# Newborn diapers- crazy to use prefolds?



## freestylemama (Apr 8, 2009)

Hi Everyone,

I'm pregnant with our second. For our first we were really lucky to borrow a stash of Kissaluv 0s from a friend. We cloth diapered DD exclusively w/ a combo of one sized pockets and prefolds and covers after she outgrew the Kissaluvs. We have a complete stash for the new baby after the newborn stage.

Here's my question: since we like prefolds and know how to use them, is it weird/difficult to use them from day one with a newborn? Will we have a ton of leaks if we do this?
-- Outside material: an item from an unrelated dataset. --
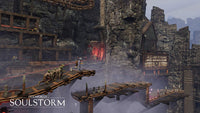 Oddworld: Soulstorm (Pre-Owned)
We loved the Kissaluvs but I'm not sure about spending $300+ more for a stash of them if the prefolds will be okay. Last, for those of you who used prefolds on a newborn, did you buy the extra small kinds? What kind of covers did you use?

Thanks!


----------



## samstress (Feb 21, 2008)

with dd we used nothing but prefolds from birth to two.
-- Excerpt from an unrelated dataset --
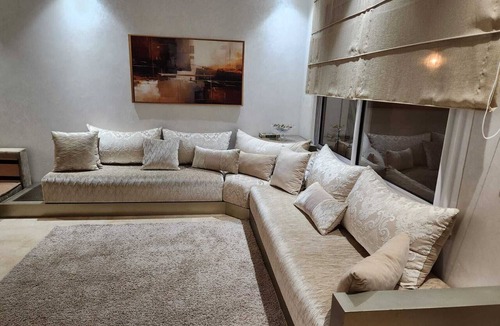 Agadir House | Modern villa in a quiet area of agadir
doing the same with ds who is one month.

leaks haven't been an issue.

we're using some old wool covers we used with dd and thirsties duo wraps.

here's a thread about prefolds and newborns.


----------



## freestylemama (Apr 8, 2009)

thanks!

Are the thirsties duos different than the original ones? We had some of the first ones with DD and they actually need to be replaced because the seems ripped out on the velcro.


----------



## CookAMH (Jun 2, 2008)

No problem at all with prefolds and covers for our newborns. They're great at keep in poop in!!


----------



## samstress (Feb 21, 2008)

Quote:


> Originally Posted by *freestylemama*
> 
> thanks!
> 
> Are the thirsties duos different than the original ones? We had some of the first ones with DD and they actually need to be replaced because the seems ripped out on the velcro.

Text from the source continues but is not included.